Haas looks to continue season’s success
LOUISVILLE, Ky. — Jay Haas is entering unfamiliar territory at this week’s Senior PGA Championship.
The 50-year-old is not only playing in his first event as a senior, he’s also been labeled the man to beat — even though he hasn’t won a tournament since 1993.
“Somebody asked me when was the last time I was a pre-tourney favorite and I said, ‘Maybe, never.’ When I was 12 in a junior event,” said Haas, who has four top 10 finishes on the regular PGA Tour this year.
Haas earned more than $2.5 million on tour last year and has already topped $1 million in earnings in 2004.
“Well, now he’s probably the youngest in the field, so he’s got to be the favorite, right?” quipped Fuzzy Zoeller, the 2002 Senior PGA champion.
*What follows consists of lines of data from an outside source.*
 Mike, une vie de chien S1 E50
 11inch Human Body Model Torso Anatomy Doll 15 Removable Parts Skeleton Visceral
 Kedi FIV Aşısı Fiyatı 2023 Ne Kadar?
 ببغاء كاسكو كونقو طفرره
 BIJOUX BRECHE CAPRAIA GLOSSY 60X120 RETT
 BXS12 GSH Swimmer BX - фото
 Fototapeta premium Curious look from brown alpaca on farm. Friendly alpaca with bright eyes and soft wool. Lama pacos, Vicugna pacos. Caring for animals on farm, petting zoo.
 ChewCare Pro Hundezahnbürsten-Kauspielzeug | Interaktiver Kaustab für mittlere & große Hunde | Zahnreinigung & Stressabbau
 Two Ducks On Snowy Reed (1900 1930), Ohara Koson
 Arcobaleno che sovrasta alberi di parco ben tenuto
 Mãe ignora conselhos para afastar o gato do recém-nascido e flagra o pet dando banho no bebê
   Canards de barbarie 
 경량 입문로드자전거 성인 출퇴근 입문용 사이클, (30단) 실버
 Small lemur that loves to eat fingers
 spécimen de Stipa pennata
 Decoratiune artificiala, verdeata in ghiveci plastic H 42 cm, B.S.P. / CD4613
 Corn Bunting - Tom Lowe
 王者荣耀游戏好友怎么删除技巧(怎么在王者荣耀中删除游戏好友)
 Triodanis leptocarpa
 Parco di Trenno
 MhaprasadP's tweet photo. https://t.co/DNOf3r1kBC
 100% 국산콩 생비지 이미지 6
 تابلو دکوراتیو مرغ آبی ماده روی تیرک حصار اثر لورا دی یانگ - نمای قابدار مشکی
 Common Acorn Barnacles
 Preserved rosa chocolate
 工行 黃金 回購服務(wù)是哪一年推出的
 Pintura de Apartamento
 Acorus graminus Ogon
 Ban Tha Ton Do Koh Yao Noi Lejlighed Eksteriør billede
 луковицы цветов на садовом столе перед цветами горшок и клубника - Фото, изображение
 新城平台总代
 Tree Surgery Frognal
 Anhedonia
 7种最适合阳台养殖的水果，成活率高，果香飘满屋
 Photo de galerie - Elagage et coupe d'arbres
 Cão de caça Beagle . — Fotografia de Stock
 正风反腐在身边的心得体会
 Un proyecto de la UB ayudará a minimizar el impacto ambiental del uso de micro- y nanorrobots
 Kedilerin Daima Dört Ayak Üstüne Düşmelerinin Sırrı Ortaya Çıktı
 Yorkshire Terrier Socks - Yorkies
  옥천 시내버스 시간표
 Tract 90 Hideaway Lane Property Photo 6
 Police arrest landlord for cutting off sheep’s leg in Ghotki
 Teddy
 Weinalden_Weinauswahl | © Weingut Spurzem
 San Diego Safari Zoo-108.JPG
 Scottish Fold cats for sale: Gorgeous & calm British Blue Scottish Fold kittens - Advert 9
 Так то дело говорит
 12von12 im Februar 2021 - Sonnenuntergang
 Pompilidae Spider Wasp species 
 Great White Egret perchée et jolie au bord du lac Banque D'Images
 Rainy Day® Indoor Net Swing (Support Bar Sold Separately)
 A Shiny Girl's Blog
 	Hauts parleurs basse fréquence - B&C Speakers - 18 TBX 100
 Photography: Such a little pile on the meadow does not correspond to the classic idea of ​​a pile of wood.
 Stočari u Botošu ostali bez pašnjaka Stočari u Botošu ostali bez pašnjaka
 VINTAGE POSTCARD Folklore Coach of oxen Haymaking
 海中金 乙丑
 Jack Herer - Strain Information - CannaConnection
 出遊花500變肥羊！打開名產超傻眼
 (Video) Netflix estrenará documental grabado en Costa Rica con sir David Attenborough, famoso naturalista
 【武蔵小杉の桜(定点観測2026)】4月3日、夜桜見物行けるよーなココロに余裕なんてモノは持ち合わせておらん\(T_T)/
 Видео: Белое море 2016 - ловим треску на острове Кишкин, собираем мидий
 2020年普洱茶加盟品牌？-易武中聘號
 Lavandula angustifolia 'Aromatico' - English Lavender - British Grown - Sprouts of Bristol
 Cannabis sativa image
Haas is 12th in the Ryder Cup points standings and is trying to become the oldest player to qualify for the prestigious international event.
He won’t earn any points even if he wins at Valhalla this week and considered playing instead at this week’s regular tour stop, in Memphis, Tenn.
“I guess I feel like if I am going to put the time in, I ought to try to play in tournaments that I can get points for the Ryder Cup,” Haas said. “But I don’t want to second-guess myself and say, ‘Gosh, I should have gone to Memphis.’ I feel like I’m going to play enough events on the regular tour that if I play well enough, I’ll get the points.”
Haas and 2001 Senior PGA champion Tom Watson are two of seven players who competed in the 1996 and 2000 PGA Championships at Valhalla. Watson said that tournament experience will be a significant advantage this week.
During a practice round on Tuesday, Watson remembered that winds tend to gust on the tee at No. 12, a demanding par-4.
“If you wait a second, you can hit the ball with no wind there, even though the wind is in your face,” said Watson, who tied for ninth in 2000. “People who haven’t played it before just go ahead and hit it.”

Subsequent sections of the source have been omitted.